> [SUPPLIED DATA]:
--*--

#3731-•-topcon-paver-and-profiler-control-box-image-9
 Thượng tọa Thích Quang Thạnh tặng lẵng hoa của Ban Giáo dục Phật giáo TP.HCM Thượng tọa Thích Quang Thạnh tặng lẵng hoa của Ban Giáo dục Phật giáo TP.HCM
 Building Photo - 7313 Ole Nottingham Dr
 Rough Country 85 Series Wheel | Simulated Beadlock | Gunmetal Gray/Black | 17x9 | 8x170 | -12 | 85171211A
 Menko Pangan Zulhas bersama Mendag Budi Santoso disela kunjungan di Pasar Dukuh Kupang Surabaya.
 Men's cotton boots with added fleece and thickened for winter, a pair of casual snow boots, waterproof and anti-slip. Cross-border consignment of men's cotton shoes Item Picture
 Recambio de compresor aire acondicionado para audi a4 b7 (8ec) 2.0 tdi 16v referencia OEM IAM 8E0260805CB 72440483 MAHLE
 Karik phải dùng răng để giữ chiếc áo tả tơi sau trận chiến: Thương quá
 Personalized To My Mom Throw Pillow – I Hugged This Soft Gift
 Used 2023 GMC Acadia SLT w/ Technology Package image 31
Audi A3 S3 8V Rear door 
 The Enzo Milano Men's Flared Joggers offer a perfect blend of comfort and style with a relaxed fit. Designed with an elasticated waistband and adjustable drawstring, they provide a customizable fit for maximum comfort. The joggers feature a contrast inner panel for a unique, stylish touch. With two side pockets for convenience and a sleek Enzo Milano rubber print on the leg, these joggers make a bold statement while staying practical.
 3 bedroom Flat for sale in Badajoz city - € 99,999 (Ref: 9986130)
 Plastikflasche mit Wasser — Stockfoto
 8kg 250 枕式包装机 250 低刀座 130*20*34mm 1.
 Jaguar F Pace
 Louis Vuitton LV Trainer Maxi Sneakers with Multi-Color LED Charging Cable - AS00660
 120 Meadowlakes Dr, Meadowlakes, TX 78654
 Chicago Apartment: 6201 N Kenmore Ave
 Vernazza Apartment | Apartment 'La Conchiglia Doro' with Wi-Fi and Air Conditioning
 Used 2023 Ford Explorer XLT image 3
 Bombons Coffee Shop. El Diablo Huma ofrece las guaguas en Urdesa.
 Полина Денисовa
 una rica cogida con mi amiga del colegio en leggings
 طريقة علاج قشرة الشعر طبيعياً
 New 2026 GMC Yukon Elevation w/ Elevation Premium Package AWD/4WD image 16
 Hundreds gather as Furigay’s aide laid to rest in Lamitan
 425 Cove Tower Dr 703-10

--*--

Set the lines down exactly as they stand, beginning at the one that contains "Jaguar F Pace" and stopping after the last line of the entries above.

 Jaguar F Pace
 Louis Vuitton LV Trainer Maxi Sneakers with Multi-Color LED Charging Cable - AS00660
 120 Meadowlakes Dr, Meadowlakes, TX 78654
 Chicago Apartment: 6201 N Kenmore Ave
 Vernazza Apartment | Apartment 'La Conchiglia Doro' with Wi-Fi and Air Conditioning
 Used 2023 Ford Explorer XLT image 3
 Bombons Coffee Shop. El Diablo Huma ofrece las guaguas en Urdesa.
 Полина Денисовa
 una rica cogida con mi amiga del colegio en leggings
 طريقة علاج قشرة الشعر طبيعياً
 New 2026 GMC Yukon Elevation w/ Elevation Premium Package AWD/4WD image 16
 Hundreds gather as Furigay’s aide laid to rest in Lamitan
 425 Cove Tower Dr 703-10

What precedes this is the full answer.